Dans les entreprises d’au moins 10 salariés, une exonération partielle sera possible si une quote-part de 0,2% est affectée au financement du CPF, à condition que cela soit prévu par un accord collectif d’entreprise ou à défaut de branche et que les fonds soient utilisés dans les 3 ans suivant la signature de l’accord.

L’apprentissage assoupli.

L’assouplissement de l’apprentissage constitue également un volet important de la loi. Les contrats d’apprentissage seront désormais gratuits et pourront être conclus pour une durée indéterminée. La loi prévoit également que le conseil de prud’hommes statuera en la forme des référés pour les demandes de résiliation du contrat d’apprentissage, ce qui est de nature à grandement accélérer la procédure.

La démocratie sociale complétée.

Le volet « démocratie sociale » de la loi a consacré la jurisprudence de la Cour de cassation. A titre d’exemple, un syndicat pourra désigner un DS même en l’absence de candidat ayant recueilli personnellement 10% des voix ; un accord collectif pourra définir un périmètre de désignation des DS plus restreint que le comité d’établissement et un syndicat n’aura plus à justifier de 2 élus au CE pour y désigner un représentant syndical, dans les entreprises d’au moins 300 salariés.

Dorénavant, un délai minimum de 15 jours devra être respecté entre l’invitation à négocier le protocole d’accord préélectoral (PAP) et la première réunion de négociation. Un effort d’anticipation supplémentaire sera nécessaire en cas de renouvellement des IRP : un délai de 2 mois minimum devra être respecté avant l’expiration des mandats en cours.

Il faut également noter que la saisine de l’autorité administrative suspend le processus électoral jusqu’à la décision et entraîne la prorogation des mandats des élus en cours jusqu’à la proclamation des résultats du scrutin.

La réforme de la représentativité patronale instaurée par la loi permettra une régularisation des structures des branches et une réelle mesure de la représentativité, calquée sur la représentativité des syndicats de salariés. L’audience, dont la première mesure s’effectuera en 2017, sera calculée selon le nombre d’entreprises adhérentes à jour de leur cotisation.

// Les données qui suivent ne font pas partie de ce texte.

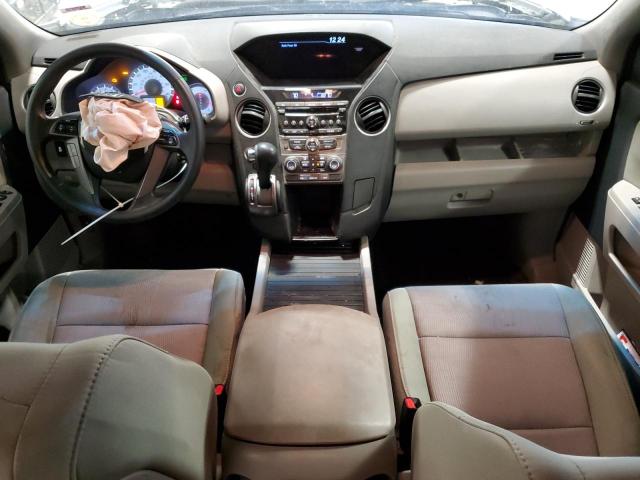 Foto 8 de la subasta – 2015 HONDA PILOT EX con VIN 5FNYF4H43FB038817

La loi apporte également des précisions sur l’entrée en vigueur de la durée minimale pour les temps partiels : les contrats conclus à partir du 1er juillet 2014 devront prévoir une durée minimum de 24 heures.

Enfin, la loi a voulu garantir une meilleure transparence financière des comptes des CE, en rendant obligatoires la désignation d’un trésorier et la conservation des documents comptables pendant 10 ans. Le CCE devra désormais adopter un règlement intérieur. Selon leurs ressources, les CE seront soumis à différentes obligations en matière d’établissement des comptes, qui devront être approuvés et publiés avec un rapport de gestion. Les CE qui seront, en raison de la taille de l’entreprise, des ressources annuelles et du bilan, soumis à une obligation d’établir des comptes de droit commun, devront également faire certifier leurs comptes à compter du 1er janvier 2016.

Tels sont les apports de cette nouvelle loi. L’on peut regretter qu’elle ne réforme qu’en surface certains volets des relations de travail notamment les institutions représentatives du personnel. Une loi est certes votée mais une réforme profonde dans la pratique est attendue.